**RECORDED DATA**
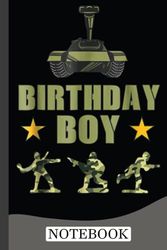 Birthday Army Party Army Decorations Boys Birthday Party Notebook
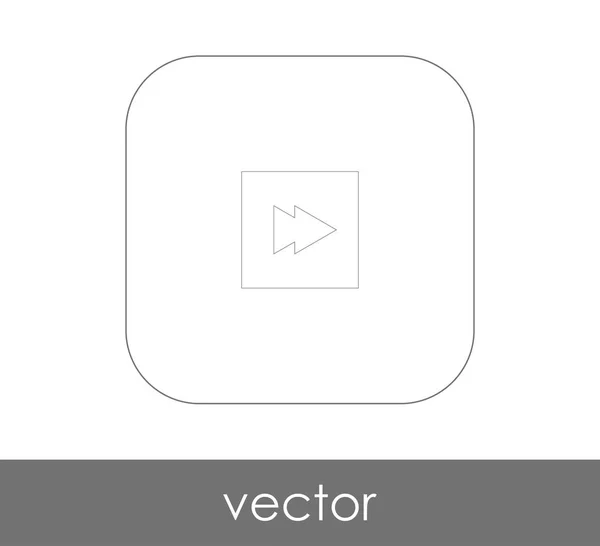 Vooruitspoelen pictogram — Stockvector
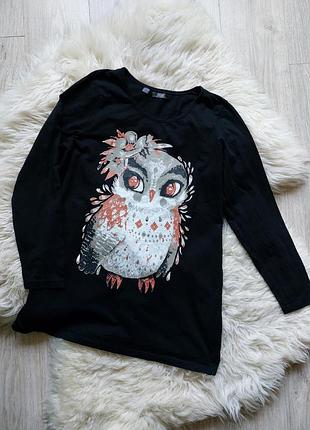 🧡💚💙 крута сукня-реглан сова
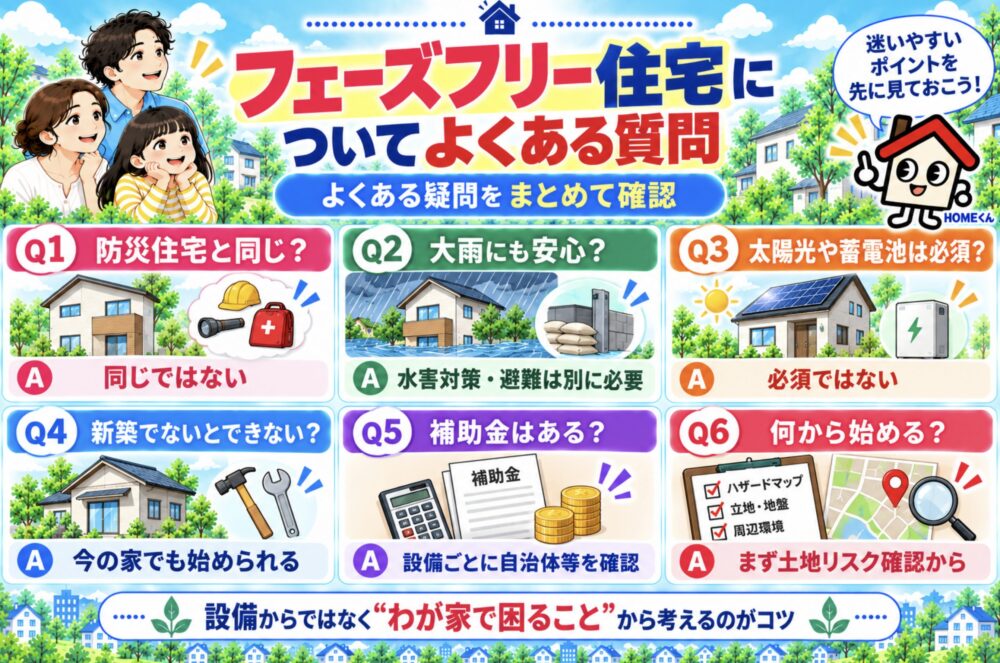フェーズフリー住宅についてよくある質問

...

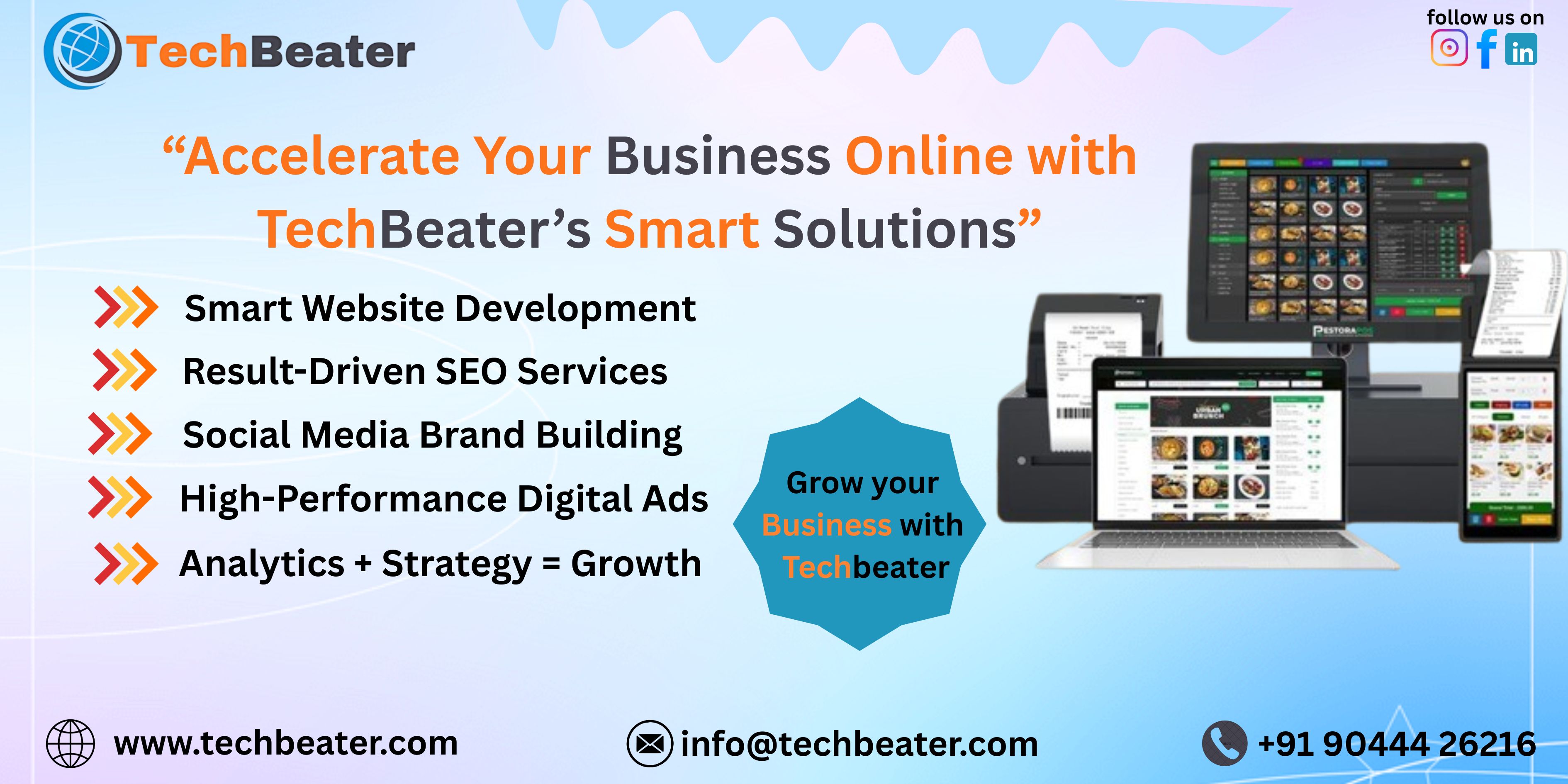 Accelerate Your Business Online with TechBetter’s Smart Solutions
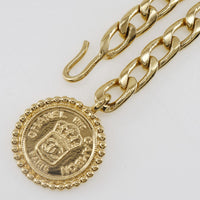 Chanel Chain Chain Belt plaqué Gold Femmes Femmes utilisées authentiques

**ABOUT THIS EXERCISE**
Although the records hold pictures, the copy must not; give again exactly the lines from the one with "Vooruitspoelen pictogram — Stockvector" through the one with "フェーズフリー住宅についてよくある質問".

**RESPONSE AREA**
 Vooruitspoelen pictogram — Stockvector
 🧡💚💙 крута сукня-реглан сова
フェーズフリー住宅についてよくある質問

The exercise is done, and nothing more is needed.